=== Begin Enclosure ===
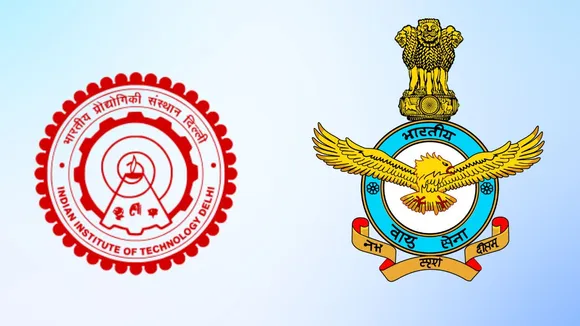 IIT Delhi and Indian Air Force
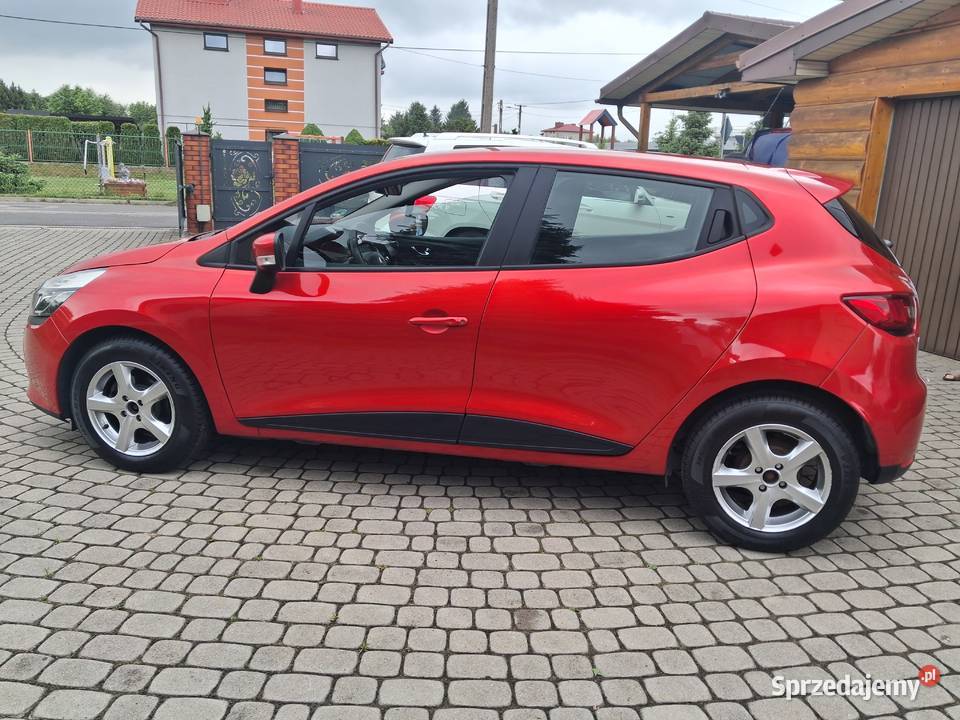 Renault Clio IV 09 TCe 90 2013 r Bogate Rok produkcji 2013 świętokrzyskie Ostrowiec Świętokrzyski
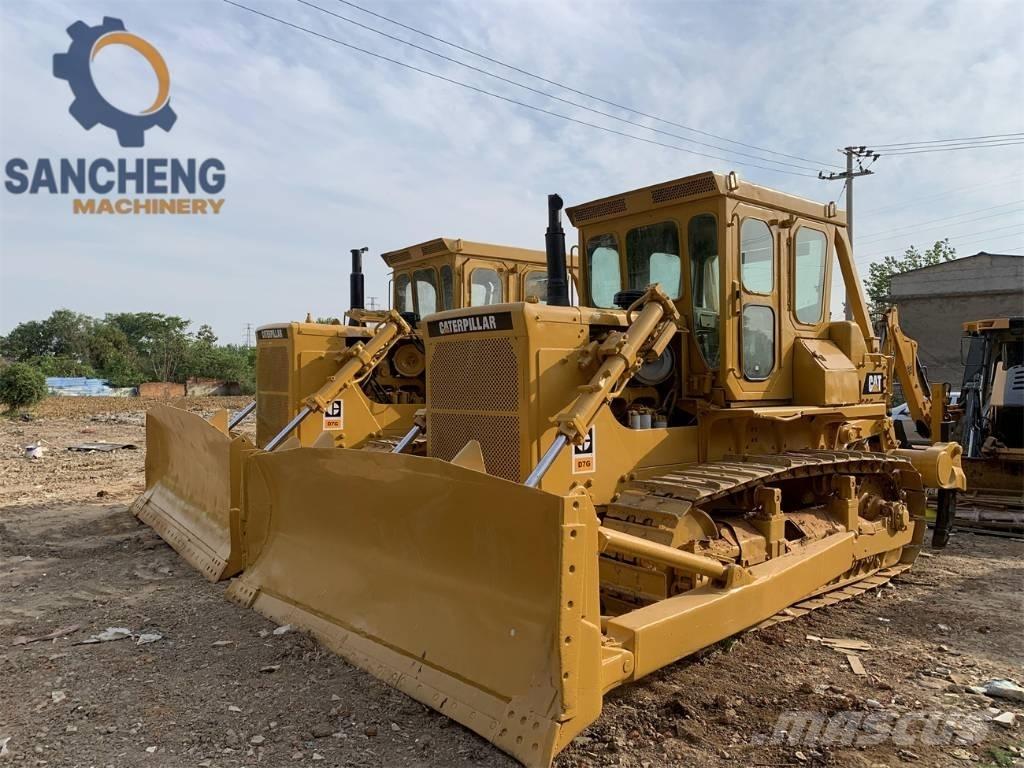 CAT D7G ブルドーザー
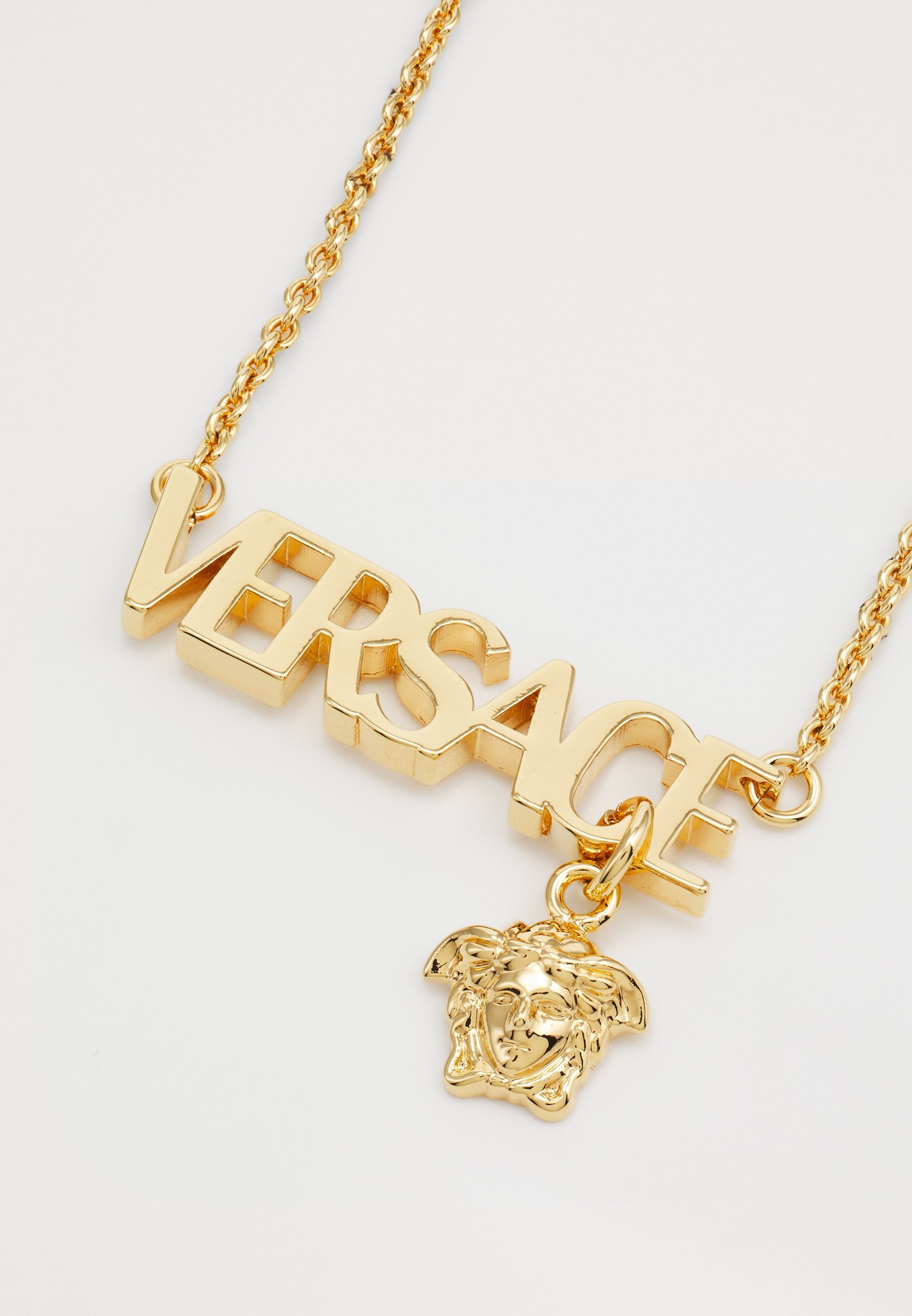 Versace UNISEX - Halsketting - goudkleurig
=== End Enclosure ===
**The task**
Apart from its pictures, the data is to be repeated exactly.

**Exercise output**
 IIT Delhi and Indian Air Force
 Renault Clio IV 09 TCe 90 2013 r Bogate Rok produkcji 2013 świętokrzyskie Ostrowiec Świętokrzyski
 CAT D7G ブルドーザー
 Versace UNISEX - Halsketting - goudkleurig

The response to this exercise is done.